MantaBase wrote:
Corners?
Is that the programming term?
Just wondering. We call them end cases or end members. I was just wondering what the official term was. End member is a physical science term.
I believe that what you're refering to as end cases and my corner cases are the same thing. It is just a difference in how you visualize the problem. In a nutshell, here is how corner cases were explained to me. Say we have a function that simply takes an int and returns an int that is 10 larger. Very simple.
Code:
public int add10(int i) { return i + 10; }
Now visualize the input it as a mathematical function with the input i being a value on the x axis and the output a value on the y axis. So what are the acceptable values of x (not in terms of what will return a correct value, but what will the compiler allow me/you to pass to the function)? Anything greater than or equal to Integer.MIN and less than or equal to Integer.MAX, right? And for y it will be anything greater than Integer.MIN + 10 up to Integer.MAX. So now we have a square representing all possible combinations of input and output. Now the idea is that most errors are not going to be in the middle of this square, but around the edges and in the corners. So a good sequence of test inputs would probably be to start with 0, 1, 10, 1000, 1 million, -1 million to make sure things are working. Basic blackbox testing. Next jump to the far edges and see what happens when you try Integer.MAX - 2 which returns an incorrect result. We can grey out a small vertical strip along the rightmost edge that causes overflow. A more thorough testing would include the value of a corner and corner + 1 in every direction... same thing with the edges. A more difficult problem with two inputs and a return value has x,y inputs and a z return value with many more corners and edges to check.

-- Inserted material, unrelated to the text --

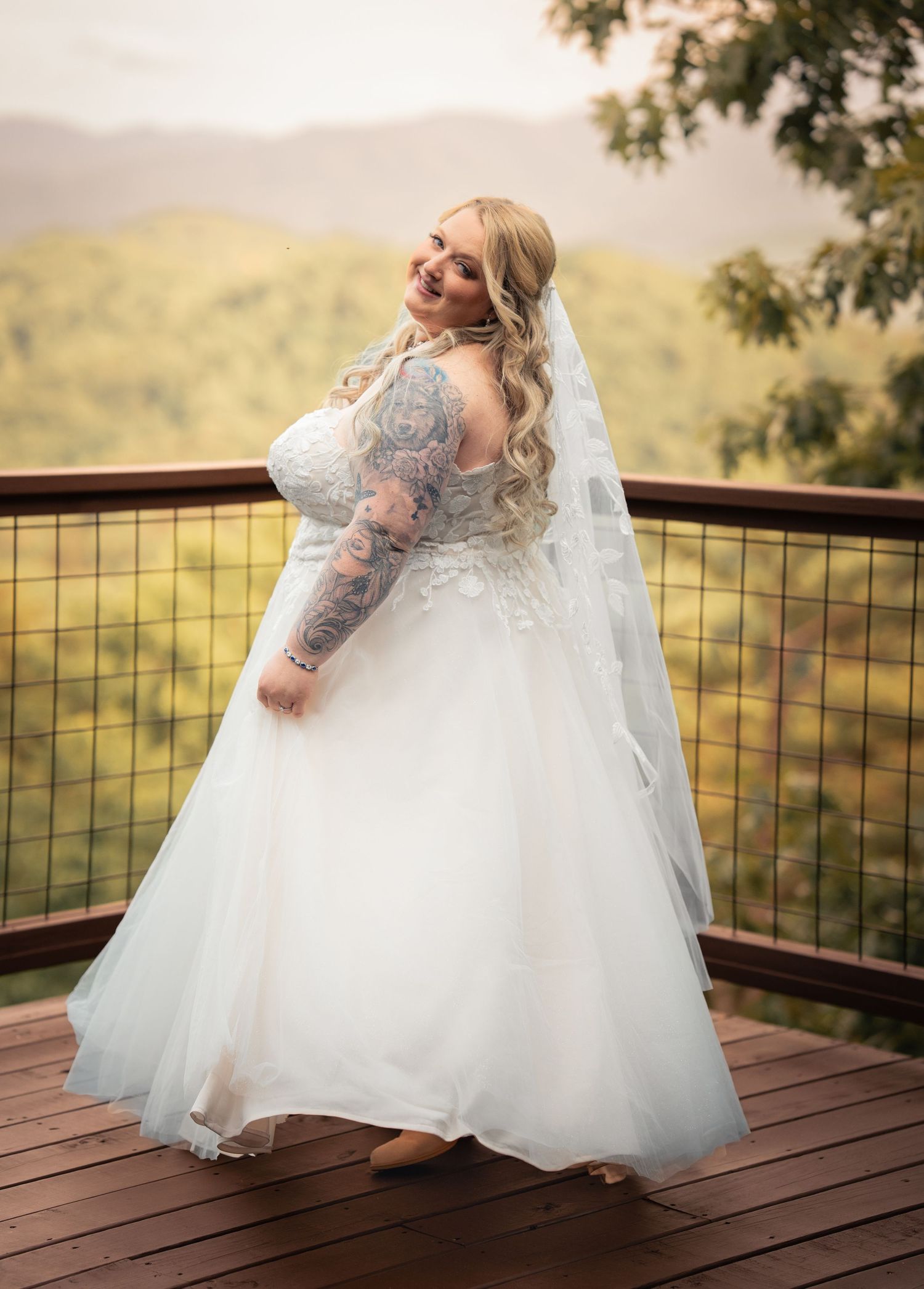 Bride in a white lace wedding gown with tattoo sleeves and veil poses on a deck with mountain views.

BTW, you almost always want to test 0 and 1 because of their interesting math properties - screwing up something like 2^0 makes you feel pretty dumb! If it were a higher math problem, you would probably want to check
e, pi, etc.
By end cases, do you mean when to terminate a loop? You can approach it similiarly. BTW, this is more formal than what I was suggesting previously. I like the extreme programming philosphy of writing unit tests
before coding because it makes you think a bit harder about the problem and solution before wasting any time writing a bad implementation.